# Work task
Start at the line below containing "Dance per se" and stop at the line containing "Days Inn by Wyndham Moosic". Repeat every line of that stretch exactly, and nothing outside it.

# Excerpted data
= = = = =
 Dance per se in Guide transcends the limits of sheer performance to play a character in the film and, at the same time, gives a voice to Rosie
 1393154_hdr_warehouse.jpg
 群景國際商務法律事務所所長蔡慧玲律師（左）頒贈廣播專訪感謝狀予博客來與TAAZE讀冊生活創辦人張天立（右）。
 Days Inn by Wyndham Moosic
= = = = =
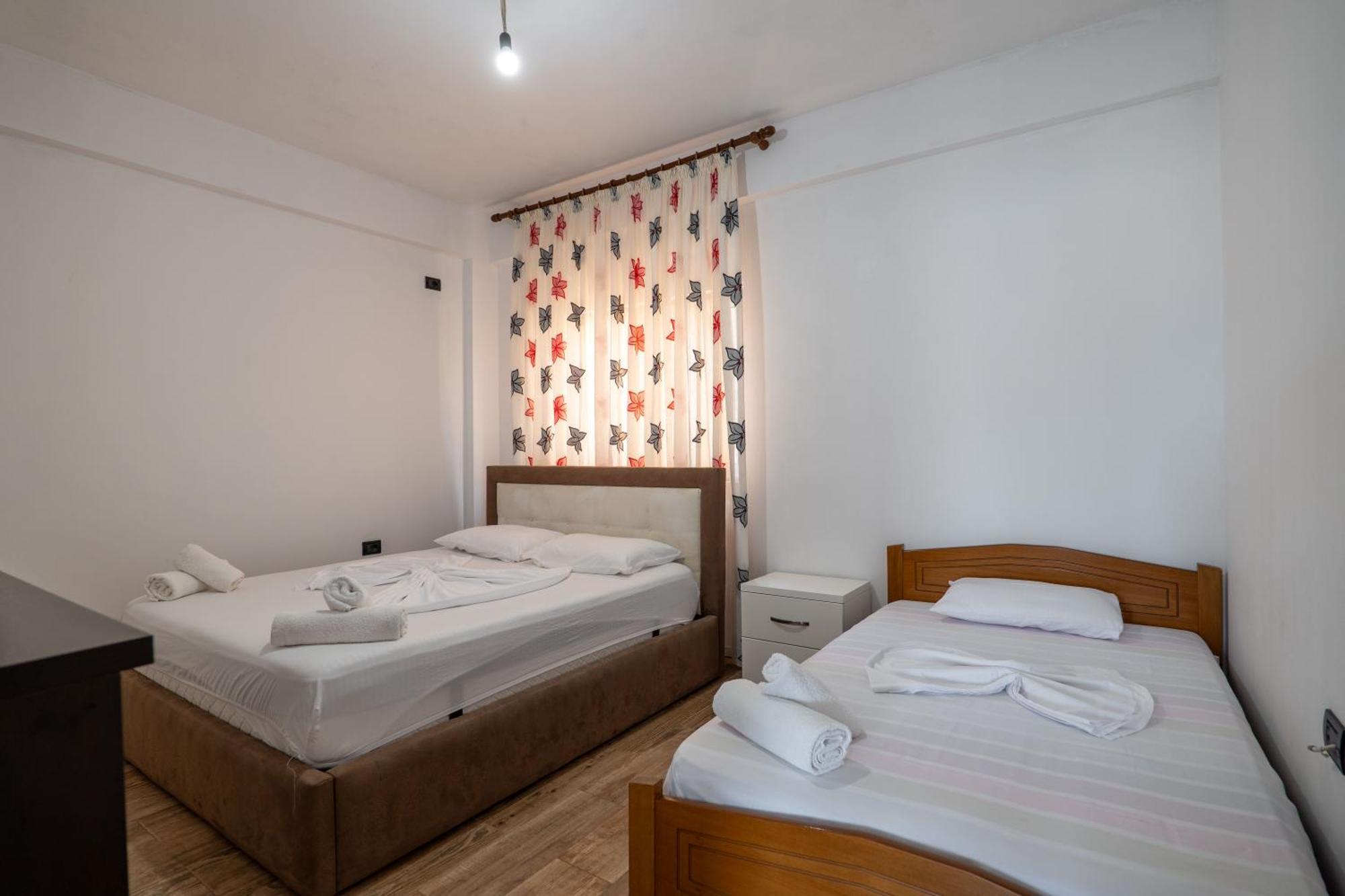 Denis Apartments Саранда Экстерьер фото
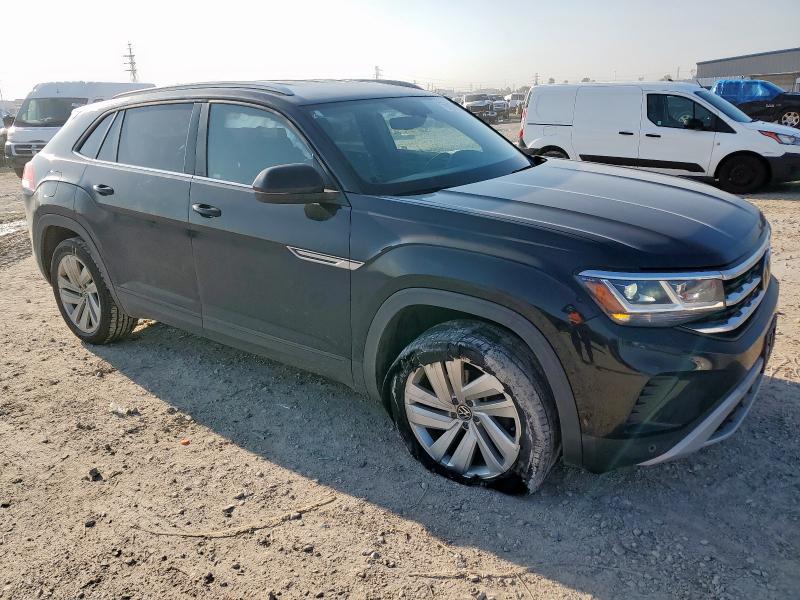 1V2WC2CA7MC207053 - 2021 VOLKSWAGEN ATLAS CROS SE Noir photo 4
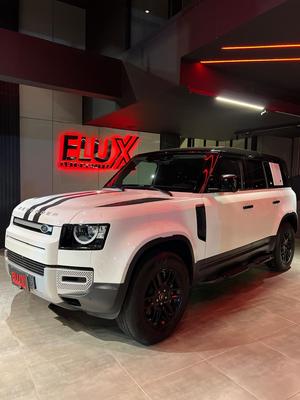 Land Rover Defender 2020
= = = = =
# Answer box
 Dance per se in Guide transcends the limits of sheer performance to play a character in the film and, at the same time, gives a voice to Rosie
 1393154_hdr_warehouse.jpg
 群景國際商務法律事務所所長蔡慧玲律師（左）頒贈廣播專訪感謝狀予博客來與TAAZE讀冊生活創辦人張天立（右）。
 Days Inn by Wyndham Moosic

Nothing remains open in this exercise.